BAIF is an investment fund set up under and in accordance with the laws of
Mauritius. The main promoters, or lead investors, of BAIF were at all material times co-
respondents Nos 20 and 28, AXA and BOURBON respectively. Other investors were
invited subsequently to join in BAIF, inter alia, co-respondent No. 14 - the European
Investment Bank (EIB), co-respondent No. 15 - Promotion et Participation pour La Co-
operation Economique (PROPACO), the latter being the subsidiary of the Agence
Française du Development, also called AFD, a French statutory financial institution
owned by the French State and managed by the French Government.
As appears from the affidavit of the applicant’s director, BAIF was set up for the
purpose of pooling funds together and making investments in the Indian Ocean Region.
In the ordinary course of the life of Investment Funds, after funds of investors are used
to invest in specific sectors of any particular jurisdiction, there always comes a time for
disinvestment, whereby the Investment Fund actually disinvests, in the hope of making
a profit, commonly known as “upside” or “surplus” on its initial investment. For
instance, if the funds were initially used to invest in a company by the purchase of
shares in that company, a disinvestment would consist in the Fund selling those
shares, in the hope of doing so at a price higher than the purchase price. The surplus
or upside, if any, is then distributed to the investors and shareholders of the Fund. The
setting up and management of such Investment Funds as the BAIF is strictly regulated
under the Laws of Mauritius in order to ensure that investors’ funds invested in the
Fund are properly managed in the investors’ interests and also ultimately in the best
interests of Mauritius as a financial center.
It is the applicant’s case that there have been serious malpractices in the course
of two major disinvestments effected on behalf of BAIF, such malpractices including:
The respondents have raised three objections to the present application being
proceeded with, which are to the following effect:
1. that the failure of the applicant to seek leave prior to entering the application
which is made under section 170 of the Companies Act 2001 (the Act) is
fatal to the application;
2. that the applicant does not have locus standi because it does not satisfy the
requirements of the provisions of section 170 (1) of the Act;
3. that the application has been entered for a collateral purpose and therefore
constitutes an abuse of the process of the Court.
Furthermore, Learned Q.C. for the co-respondents Nos 6, 7, 8, 9, 13, 16, 22, 25,
29, 31, 32, 33 and 34 besides joining the respondents in the above objections has also
raised the question of jurisdiction, submitting inter alia that the application as styled
before the Supreme Court of Mauritius (Commercial Division) has been wrongly
entered; that it is before the Bankruptcy Division of the Supreme Court that the
application should have been commenced, and this Court cannot therefore proceed
with the hearing of the application for lack of jurisdiction.
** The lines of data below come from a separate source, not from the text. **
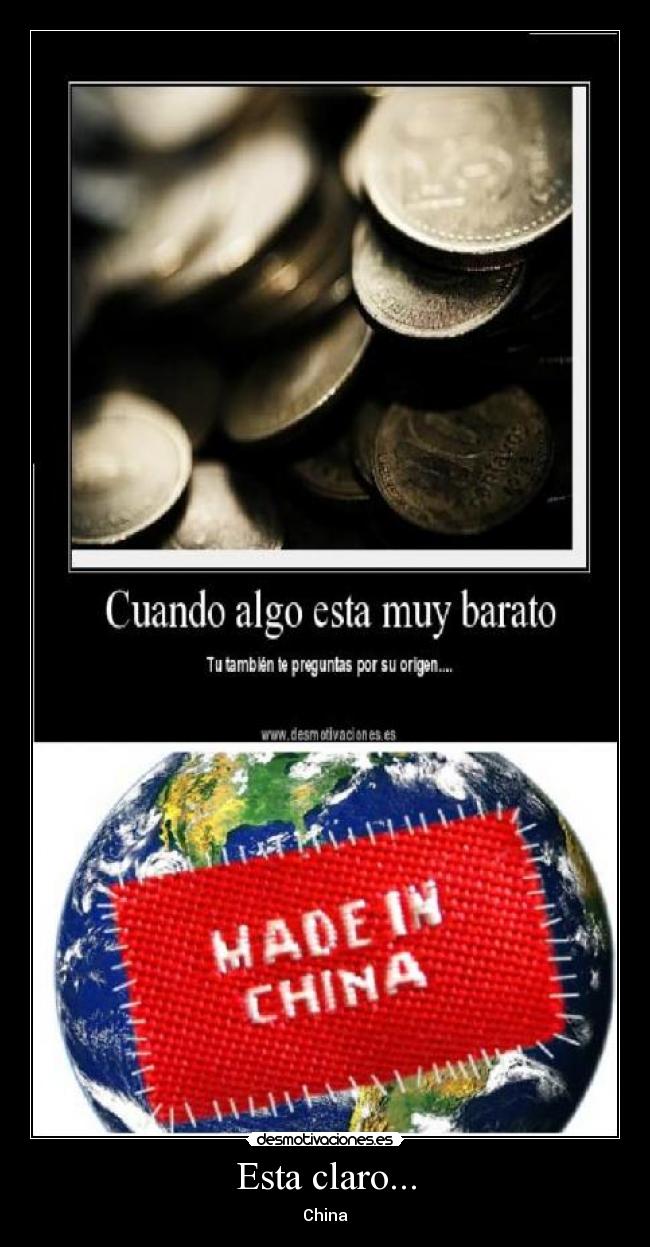 Esta claro... - China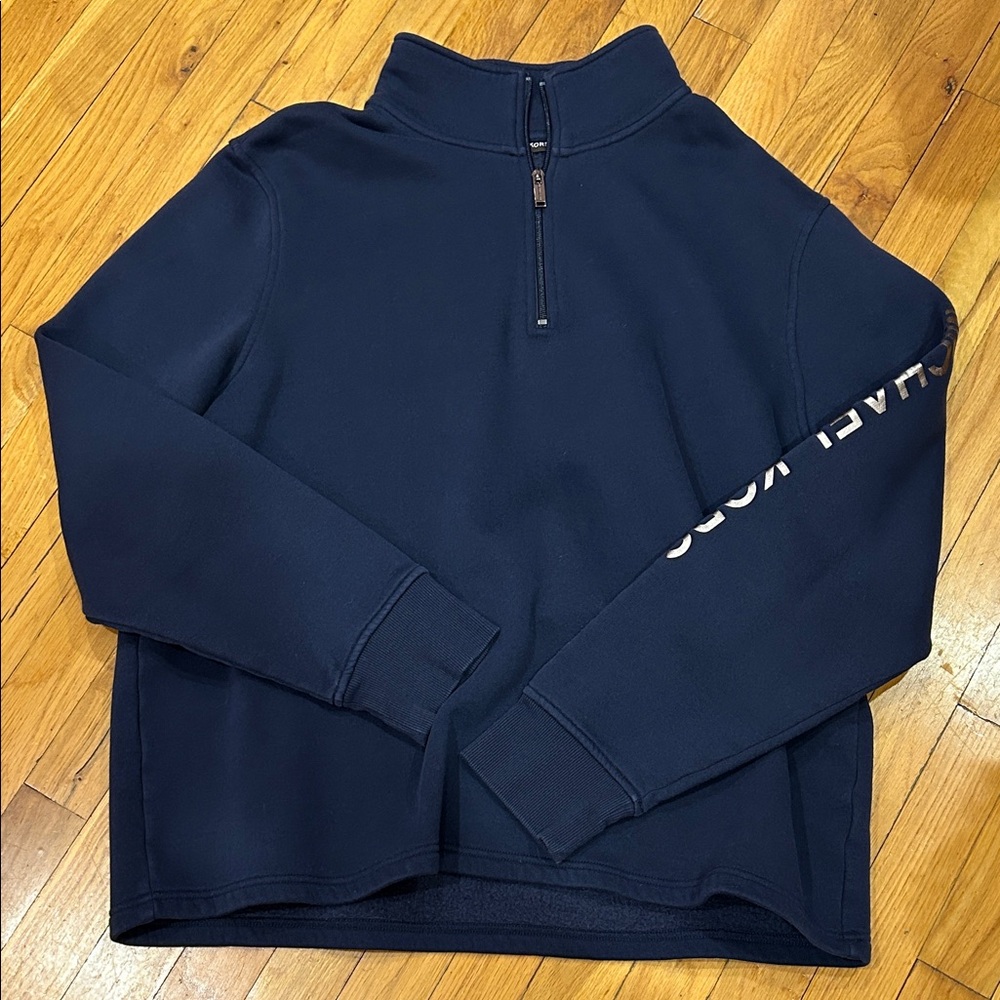 Michael Kors Navy Zip-Up Sweatshirt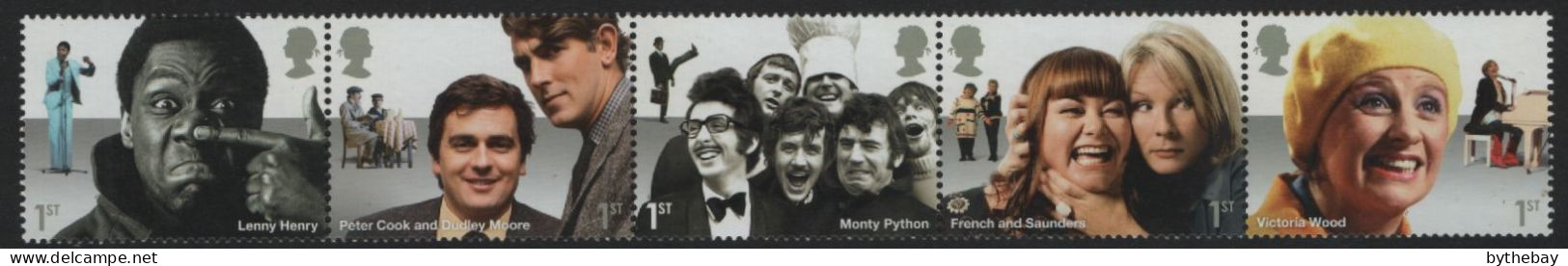 Great Britain 2015 MNH Sc 3390a 1st Comedians Strip Of 5 - Unused Stamps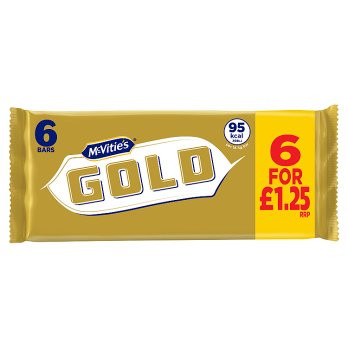 Mcvities Gold Bars PM 12x6PK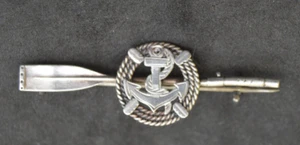 Antica spilla argento marcata Chester vela canottaggio nautico - Foto 1 di 5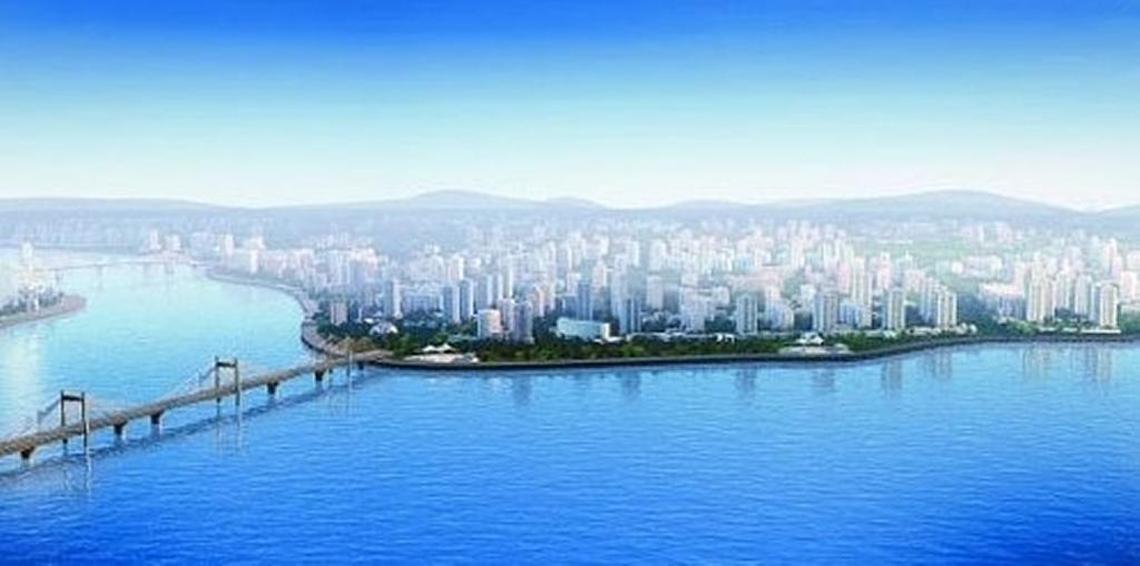 Jinjiang City in China’s Fujian Province, the home of Fujian Jinhua Integrated Circuit Co. Ltd., which is building a plant to build dynamic random-access memory.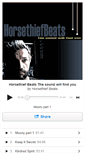 Mobile Screenshot of horsethiefbeats.bandcamp.com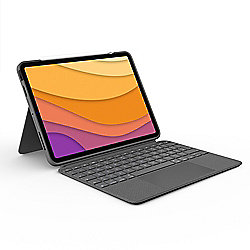 Logitech Combo Touch Tastaturcase Trackpad f&uuml;r iPad Air (4.Gen) Grau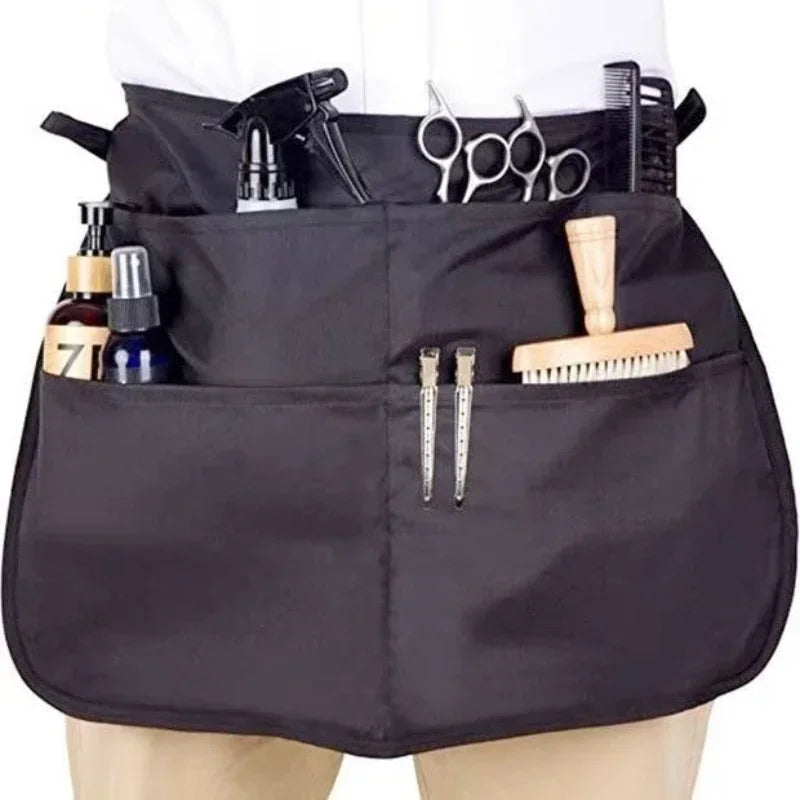 Hairdresser Apron Black Professional Waterproof Hairdressing Shampoo Haircuts Apron Barber Coiffeur Apron Hair Salon Tools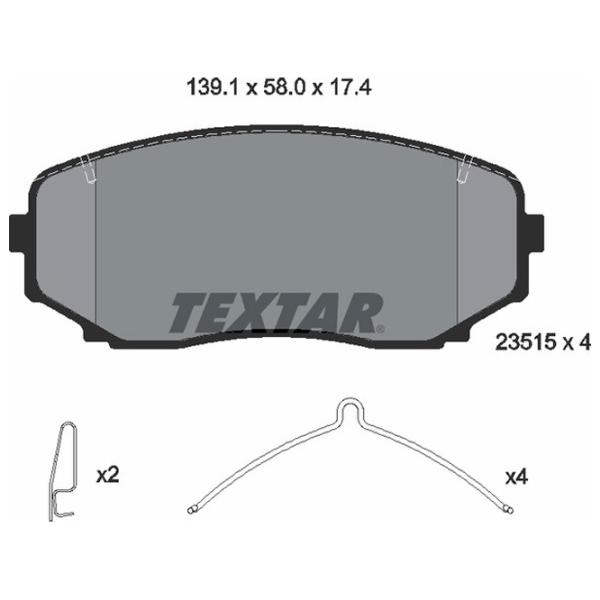 Plăcuțe de frână Textar 2351505 față/ disk photo 2 Plăcuțe de frână Textar 2351505 față/ disk photo 2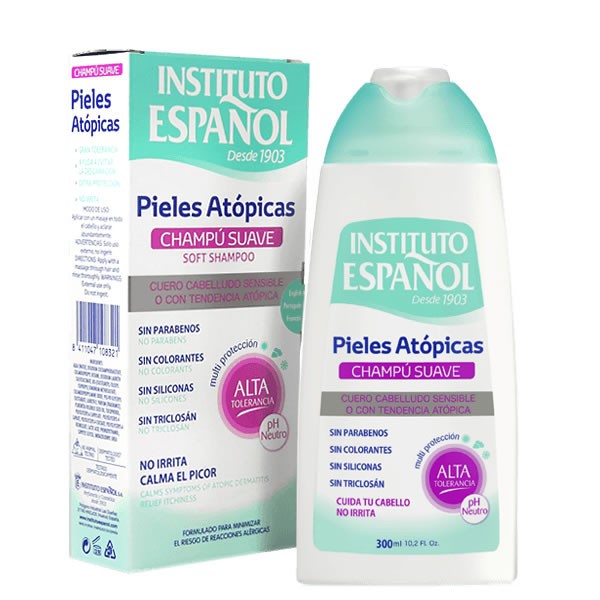 Instituto Espanol Atopic Skin Soft Shampoo 300 ml. แชมพูป้องกันหนังศีรษะแห้งลอก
Without the need to refer at this stage to the constitution and inter-relationship of
all the parties in the present proceedings, suffice it to say for the purpose of the
determination of the said objections, that it is the contention of the applicant that there
are ‘wrongdoers’ in control of BAIF who have caused transactions to be effected which
are against the interests of BAIF, its shareholders, and investors. The applicant has
made averments to the effect that those wrongdoers have engaged in transactions
which violate the laws of Mauritius as well as the statutory documentation of BAIF; that
there is an allegation of “an alarming suspicion of fraud in the said transactions which
were carried out in violation of the Companies Act 2001, the Financial Services
Development Act 2001 and the rules concerning Corporate Governance and Related-
Party transactions.”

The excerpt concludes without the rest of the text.